1004 Counting Leaves (30 分)
A family hierarchy is usually presented by a pedigree tree. Your job is to count those family members who have no child.

Input Specification:
Each input file contains one test case. Each case starts with a line containing 0<N<100, the number of nodes in a tree, and M (<N), the number of non-leaf nodes. Then M lines follow, each in the format:

ID K ID[1] ID[2] … ID[K]
where ID is a two-digit number representing a given non-leaf node, K is the number of its children, followed by a sequence of two-digit ID’s of its children. For the sake of simplicity, let us fix the root ID to be 01.

The input ends with N being 0. That case must NOT be processed.

Output Specification:
For each test case, you are supposed to count those family members who have no child for every seniority level starting from the root. The numbers must be printed in a line, separated by a space, and there must be no extra space at the end of each line.

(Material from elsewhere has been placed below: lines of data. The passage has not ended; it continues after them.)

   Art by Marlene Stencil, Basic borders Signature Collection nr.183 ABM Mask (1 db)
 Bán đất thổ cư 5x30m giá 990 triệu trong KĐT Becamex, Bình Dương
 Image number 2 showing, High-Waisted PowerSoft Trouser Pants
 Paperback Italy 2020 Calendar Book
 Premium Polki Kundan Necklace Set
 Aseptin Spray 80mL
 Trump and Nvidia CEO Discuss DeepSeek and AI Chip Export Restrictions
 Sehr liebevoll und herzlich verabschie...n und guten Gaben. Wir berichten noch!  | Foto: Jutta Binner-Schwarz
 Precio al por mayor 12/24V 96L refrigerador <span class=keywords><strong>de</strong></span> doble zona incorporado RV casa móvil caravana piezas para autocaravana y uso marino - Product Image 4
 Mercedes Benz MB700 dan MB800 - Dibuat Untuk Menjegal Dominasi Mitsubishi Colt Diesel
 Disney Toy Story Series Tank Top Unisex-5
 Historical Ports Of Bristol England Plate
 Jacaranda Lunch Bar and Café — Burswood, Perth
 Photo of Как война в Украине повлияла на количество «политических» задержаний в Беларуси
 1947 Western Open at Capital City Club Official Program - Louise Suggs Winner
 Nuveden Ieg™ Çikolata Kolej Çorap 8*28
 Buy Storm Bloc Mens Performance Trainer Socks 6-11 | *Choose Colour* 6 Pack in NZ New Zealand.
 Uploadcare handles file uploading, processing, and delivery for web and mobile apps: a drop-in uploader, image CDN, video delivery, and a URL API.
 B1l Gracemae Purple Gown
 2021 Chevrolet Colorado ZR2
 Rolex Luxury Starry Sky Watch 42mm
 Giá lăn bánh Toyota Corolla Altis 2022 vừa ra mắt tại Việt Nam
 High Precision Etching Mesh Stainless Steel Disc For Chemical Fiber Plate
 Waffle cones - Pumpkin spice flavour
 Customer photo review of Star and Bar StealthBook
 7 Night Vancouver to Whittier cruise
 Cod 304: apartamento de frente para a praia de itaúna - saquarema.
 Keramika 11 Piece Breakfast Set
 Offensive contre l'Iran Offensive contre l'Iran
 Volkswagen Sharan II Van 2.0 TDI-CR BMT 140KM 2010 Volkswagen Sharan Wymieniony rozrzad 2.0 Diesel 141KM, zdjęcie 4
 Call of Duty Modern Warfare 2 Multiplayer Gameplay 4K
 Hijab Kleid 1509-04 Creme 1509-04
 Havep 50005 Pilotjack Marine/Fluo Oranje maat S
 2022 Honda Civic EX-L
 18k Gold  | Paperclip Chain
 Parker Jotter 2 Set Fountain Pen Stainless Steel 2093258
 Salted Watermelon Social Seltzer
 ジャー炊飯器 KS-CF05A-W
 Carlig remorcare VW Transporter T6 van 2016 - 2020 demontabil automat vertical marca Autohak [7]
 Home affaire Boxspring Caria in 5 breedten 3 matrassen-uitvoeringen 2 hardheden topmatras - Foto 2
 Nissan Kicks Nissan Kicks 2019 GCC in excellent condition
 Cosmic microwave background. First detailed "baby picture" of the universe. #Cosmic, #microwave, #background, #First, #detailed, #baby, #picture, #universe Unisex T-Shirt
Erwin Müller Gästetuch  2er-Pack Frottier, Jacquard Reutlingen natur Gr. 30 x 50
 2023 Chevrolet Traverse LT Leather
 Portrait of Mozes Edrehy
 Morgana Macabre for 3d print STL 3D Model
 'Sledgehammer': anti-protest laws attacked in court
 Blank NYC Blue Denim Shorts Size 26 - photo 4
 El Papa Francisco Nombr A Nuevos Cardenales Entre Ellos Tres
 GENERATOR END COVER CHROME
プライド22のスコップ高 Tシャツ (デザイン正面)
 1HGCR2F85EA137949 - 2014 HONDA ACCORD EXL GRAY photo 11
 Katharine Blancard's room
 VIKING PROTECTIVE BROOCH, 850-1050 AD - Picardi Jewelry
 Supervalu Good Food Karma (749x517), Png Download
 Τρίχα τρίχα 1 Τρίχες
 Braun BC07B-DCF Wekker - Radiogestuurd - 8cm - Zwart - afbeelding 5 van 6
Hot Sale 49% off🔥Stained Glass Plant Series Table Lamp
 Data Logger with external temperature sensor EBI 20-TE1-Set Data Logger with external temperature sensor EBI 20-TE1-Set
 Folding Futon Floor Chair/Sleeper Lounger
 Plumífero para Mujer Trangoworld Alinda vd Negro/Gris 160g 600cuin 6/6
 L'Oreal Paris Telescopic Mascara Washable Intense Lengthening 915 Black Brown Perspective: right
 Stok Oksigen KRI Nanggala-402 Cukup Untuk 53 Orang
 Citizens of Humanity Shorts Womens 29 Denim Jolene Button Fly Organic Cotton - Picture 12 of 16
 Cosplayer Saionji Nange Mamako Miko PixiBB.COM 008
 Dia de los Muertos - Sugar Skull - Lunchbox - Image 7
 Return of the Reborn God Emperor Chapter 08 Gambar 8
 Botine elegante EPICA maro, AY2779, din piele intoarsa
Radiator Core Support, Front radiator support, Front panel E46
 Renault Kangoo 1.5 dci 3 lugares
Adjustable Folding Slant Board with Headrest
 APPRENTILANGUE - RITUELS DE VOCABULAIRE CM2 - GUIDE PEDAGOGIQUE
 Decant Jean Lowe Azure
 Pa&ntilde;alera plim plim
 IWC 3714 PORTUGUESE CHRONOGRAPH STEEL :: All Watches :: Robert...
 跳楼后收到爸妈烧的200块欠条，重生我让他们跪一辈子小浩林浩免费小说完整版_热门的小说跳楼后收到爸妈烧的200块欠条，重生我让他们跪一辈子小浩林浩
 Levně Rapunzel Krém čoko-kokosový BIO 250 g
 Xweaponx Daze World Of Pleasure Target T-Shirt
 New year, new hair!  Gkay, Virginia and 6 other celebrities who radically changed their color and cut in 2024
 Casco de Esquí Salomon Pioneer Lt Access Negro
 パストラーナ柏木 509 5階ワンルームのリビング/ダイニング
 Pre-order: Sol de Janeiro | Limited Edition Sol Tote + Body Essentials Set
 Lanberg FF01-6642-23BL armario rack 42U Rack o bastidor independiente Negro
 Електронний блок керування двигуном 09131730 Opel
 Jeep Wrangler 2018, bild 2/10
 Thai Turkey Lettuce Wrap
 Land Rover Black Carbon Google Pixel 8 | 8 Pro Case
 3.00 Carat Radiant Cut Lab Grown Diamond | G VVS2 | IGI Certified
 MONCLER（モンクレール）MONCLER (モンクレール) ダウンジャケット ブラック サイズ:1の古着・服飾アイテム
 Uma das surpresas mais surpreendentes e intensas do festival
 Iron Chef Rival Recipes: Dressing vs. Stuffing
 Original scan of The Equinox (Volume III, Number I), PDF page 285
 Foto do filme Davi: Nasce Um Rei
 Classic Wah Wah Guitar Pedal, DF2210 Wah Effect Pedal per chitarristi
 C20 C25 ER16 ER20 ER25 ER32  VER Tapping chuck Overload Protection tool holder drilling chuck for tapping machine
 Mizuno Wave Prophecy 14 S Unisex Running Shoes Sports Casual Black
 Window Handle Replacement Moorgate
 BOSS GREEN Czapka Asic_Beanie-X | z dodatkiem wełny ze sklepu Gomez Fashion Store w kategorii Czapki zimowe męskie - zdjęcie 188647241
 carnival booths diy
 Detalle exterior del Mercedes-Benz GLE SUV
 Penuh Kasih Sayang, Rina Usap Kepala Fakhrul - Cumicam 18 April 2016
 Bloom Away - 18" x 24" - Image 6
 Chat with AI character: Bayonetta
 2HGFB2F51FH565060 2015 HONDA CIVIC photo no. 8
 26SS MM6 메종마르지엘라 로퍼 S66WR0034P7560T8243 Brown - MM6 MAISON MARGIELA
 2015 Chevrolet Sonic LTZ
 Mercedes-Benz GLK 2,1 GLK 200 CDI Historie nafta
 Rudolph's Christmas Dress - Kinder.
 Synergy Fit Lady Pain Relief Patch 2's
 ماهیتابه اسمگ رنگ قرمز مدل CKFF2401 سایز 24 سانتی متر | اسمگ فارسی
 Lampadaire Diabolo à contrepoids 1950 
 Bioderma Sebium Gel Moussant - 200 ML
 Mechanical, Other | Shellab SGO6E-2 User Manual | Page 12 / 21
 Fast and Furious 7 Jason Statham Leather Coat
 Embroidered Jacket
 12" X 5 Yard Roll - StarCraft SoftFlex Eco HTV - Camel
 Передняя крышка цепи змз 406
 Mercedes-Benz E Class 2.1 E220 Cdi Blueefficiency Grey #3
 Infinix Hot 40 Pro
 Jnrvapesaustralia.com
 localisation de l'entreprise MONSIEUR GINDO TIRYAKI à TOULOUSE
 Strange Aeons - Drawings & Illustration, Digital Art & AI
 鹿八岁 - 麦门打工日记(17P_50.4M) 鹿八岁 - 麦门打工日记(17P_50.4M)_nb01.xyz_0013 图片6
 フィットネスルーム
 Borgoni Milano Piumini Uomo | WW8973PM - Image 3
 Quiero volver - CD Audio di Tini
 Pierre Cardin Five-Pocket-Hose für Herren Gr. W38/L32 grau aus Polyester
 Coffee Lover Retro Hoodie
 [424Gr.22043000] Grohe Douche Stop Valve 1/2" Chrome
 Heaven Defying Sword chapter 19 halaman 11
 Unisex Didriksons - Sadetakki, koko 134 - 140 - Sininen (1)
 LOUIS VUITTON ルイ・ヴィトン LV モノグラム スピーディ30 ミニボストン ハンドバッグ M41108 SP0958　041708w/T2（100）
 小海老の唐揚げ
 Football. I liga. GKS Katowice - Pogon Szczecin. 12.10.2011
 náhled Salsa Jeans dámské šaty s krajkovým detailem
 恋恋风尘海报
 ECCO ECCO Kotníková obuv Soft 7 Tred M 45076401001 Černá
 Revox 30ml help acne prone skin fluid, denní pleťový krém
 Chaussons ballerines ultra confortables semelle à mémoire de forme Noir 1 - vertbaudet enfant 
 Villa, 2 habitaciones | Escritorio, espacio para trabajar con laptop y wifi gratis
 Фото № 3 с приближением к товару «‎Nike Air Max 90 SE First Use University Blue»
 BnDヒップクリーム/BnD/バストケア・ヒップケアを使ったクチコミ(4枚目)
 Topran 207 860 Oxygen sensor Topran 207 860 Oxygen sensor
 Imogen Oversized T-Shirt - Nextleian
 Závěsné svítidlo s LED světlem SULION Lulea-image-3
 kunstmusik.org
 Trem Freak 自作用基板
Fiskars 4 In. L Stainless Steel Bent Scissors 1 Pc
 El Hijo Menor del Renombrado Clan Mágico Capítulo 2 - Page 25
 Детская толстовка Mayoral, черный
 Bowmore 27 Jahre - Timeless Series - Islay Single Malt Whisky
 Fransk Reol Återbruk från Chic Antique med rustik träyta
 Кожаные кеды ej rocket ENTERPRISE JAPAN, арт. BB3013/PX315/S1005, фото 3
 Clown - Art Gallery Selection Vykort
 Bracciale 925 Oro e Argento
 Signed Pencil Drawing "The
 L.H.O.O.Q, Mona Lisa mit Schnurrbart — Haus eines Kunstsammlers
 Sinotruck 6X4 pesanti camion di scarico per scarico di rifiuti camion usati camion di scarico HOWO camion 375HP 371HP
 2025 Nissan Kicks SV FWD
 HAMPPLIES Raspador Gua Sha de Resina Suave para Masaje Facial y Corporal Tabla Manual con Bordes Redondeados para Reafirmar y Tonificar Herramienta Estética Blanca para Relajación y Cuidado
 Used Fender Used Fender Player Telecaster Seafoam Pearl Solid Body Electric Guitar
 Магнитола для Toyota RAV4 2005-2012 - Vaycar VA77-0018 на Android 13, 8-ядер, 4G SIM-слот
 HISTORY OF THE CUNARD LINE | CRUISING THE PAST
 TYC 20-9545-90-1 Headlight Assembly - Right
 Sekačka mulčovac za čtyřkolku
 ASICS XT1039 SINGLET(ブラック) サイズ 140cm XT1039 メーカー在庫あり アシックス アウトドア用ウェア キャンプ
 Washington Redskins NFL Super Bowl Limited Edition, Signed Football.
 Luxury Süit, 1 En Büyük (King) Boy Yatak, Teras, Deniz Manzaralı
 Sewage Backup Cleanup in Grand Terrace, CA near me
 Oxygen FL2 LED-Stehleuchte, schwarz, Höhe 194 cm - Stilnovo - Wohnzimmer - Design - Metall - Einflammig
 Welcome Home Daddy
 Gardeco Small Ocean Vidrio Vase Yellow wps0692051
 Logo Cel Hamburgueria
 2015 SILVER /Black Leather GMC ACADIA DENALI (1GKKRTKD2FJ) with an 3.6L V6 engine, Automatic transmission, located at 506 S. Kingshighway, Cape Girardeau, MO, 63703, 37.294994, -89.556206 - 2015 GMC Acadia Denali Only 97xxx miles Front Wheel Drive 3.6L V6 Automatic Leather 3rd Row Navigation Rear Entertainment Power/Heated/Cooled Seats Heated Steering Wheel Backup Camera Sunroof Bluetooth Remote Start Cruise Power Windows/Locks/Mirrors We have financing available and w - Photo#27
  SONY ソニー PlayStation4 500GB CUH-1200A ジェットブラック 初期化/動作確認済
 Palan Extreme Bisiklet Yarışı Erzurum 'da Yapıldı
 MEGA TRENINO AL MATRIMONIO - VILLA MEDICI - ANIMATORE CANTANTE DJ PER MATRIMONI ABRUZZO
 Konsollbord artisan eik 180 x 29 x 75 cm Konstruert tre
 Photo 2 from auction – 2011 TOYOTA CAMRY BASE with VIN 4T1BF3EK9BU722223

The sample case represents a tree with only 2 nodes, where 01 is the root and 02 is its only child. Hence on the root 01 level, there is 0 leaf node; and on the next level, there is 1 leaf node. Then we should output 0 1 in a line.

Sample Input:
2 1
01 1 02
Sample Output:
0 1

#include<iostream>
#include<vector>
#include<algorithm>
using namespace std;
vector<int> id[100];
int book[100];
int maxdepth = -1;
void dfs(int ID, int depth) {
	if (id[ID].size() == 0) {
		book[depth]++;
		maxdepth = max(maxdepth, depth);
		return;
	}
	for (int i = 0; i < id[ID].size(); i++)
		dfs(id[ID][i], depth + 1);
}
int main() {
	int N, M;
	cin >> N >> M;
	for (int i = 0; i < M; i++) {
		int ID, K;
		cin >> ID >> K;
		for (int j = 0; j < K; j++) {
			int temp;
			cin >> temp;
			id[ID].push_back(temp);
		}
	}
	dfs(1, 0);
	cout << book[0];
	for (int k = 1; k <= maxdepth; k++)
		cout << " " << book[k];
	return 0;
}